Alle Privatschulen brauchen ein behördlich genehmigtes Statut und einen vom Ministerium abgesegneten Lehrplan. Zeitlich lässt sich in der eigenen Schule vieles flexibel gestalten. So ist etwa nicht vorgegeben, wie lange die Einheiten dauern oder wann Ferien sind.
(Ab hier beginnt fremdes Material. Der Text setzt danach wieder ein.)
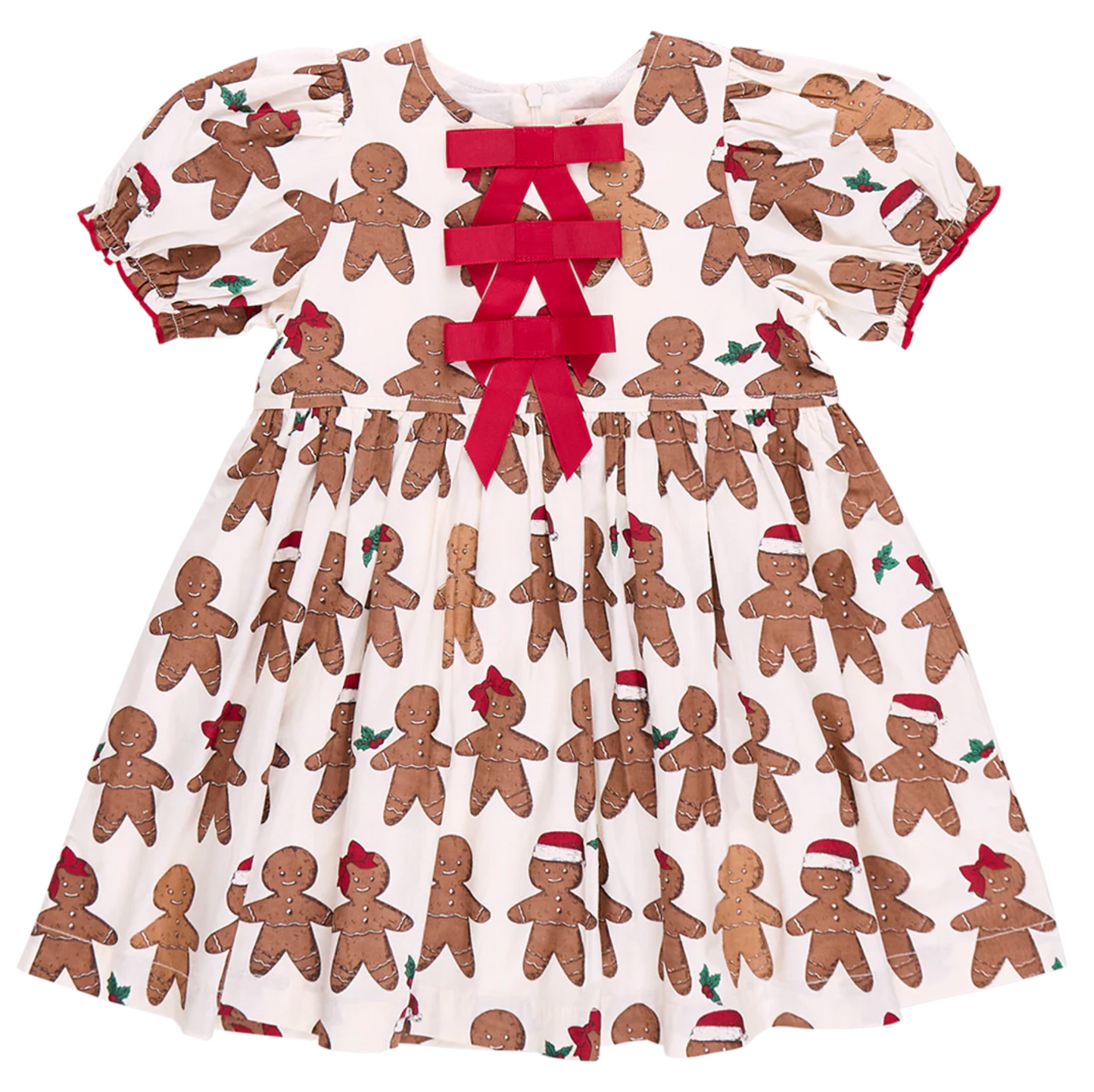 Gingerbread Cookie Dress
Das Lehrpersonal an Schulen mit Öffentlichkeitsrecht muss mit den Behörden abgestimmt werden: Ihnen ist wichtig, dass es geprüfte Lehrer sind. "Die Gründung einer Privatschule muss natürlich nach einem bestimmten Muster ablaufen", heißt es aus dem Bildungsministerium. "Um garantieren zu können, dass alle notwendigen Regelungen, die im Privatschulgesetz verankert sind, getroffen wurden."

Karjalainen ortet bei den Lehrern aber einen Graubereich: Schulleiter müssen zwar immer geprüfte Lehrerinnen oder Lehrer sein, in Schulen ohne Öffentlichkeitsrecht kann aber im Prinzip jeder unterrichten. "Als Schulerhalter könnte ich im Statut etwa festlegen, dass bei mir nur Psychotherapeuten unterrichten sollen."
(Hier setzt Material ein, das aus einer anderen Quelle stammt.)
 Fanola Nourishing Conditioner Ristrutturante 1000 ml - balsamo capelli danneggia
Natürlich sei es eine Kränkung fürs Regelschulsystem, wenn Privatschulen wie Pilze aus dem Boden schießen, sagt er. Dabei könne es viel lernen von Schulen, hinter denen engagierte Menschen mit pädagogischen Visionen stehen. Von staatlichem Interesse habe er bisher aber nicht viel bemerkt: "Ich kenne keinen Fall, wo jemand von den Behörden auf uns zugekommen wäre und nachgeschaut hätte, was gut funktioniert." (Lisa Mayr, 4.2.2017)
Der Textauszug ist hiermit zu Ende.